DATA BELOW:
+ + + +

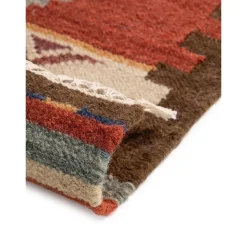 Tappeto Kilim In Lana Tessuto A Mano Zohra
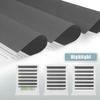MupFup Dual-Layer Roller Blind, No-Drill Clip-Fix, 30 x 160 cm, Anthracite view 3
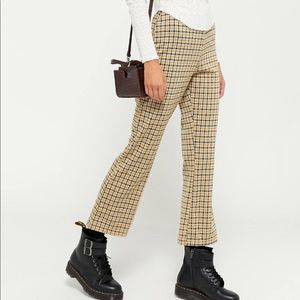 NWT • UO Cara high-rise kick flare plaid pants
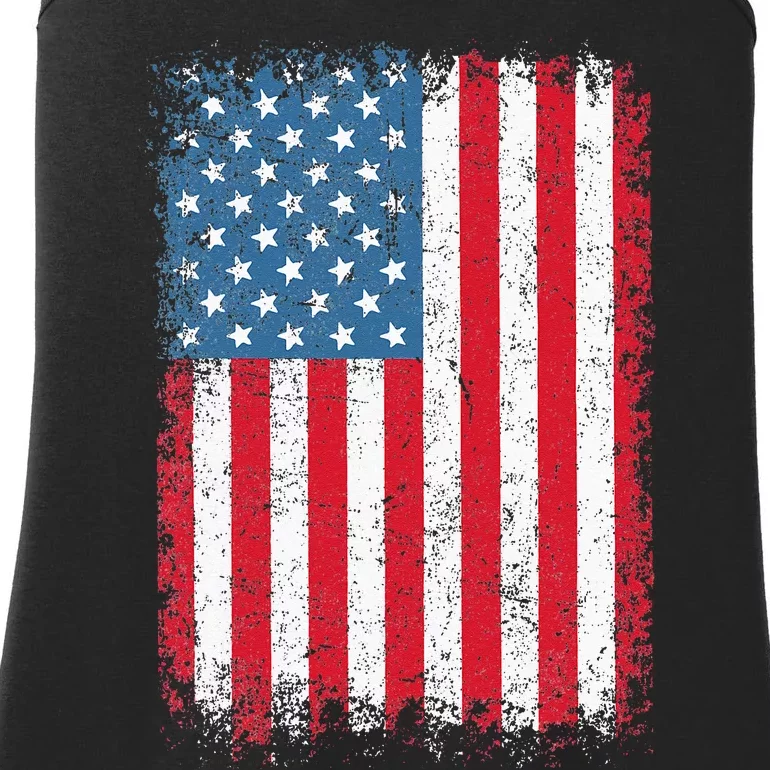 USA Flag American Flag United States Of America 4th Of July Ladies Essential Tank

+ + + +

TASK BRIEF: All of the material above should be reproduced exactly, except the pictures.

WRITTEN RESPONSE:
 Tappeto Kilim In Lana Tessuto A Mano Zohra
MupFup Dual-Layer Roller Blind, No-Drill Clip-Fix, 30 x 160 cm, Anthracite view 3
 NWT • UO Cara high-rise kick flare plaid pants
 USA Flag American Flag United States Of America 4th Of July Ladies Essential Tank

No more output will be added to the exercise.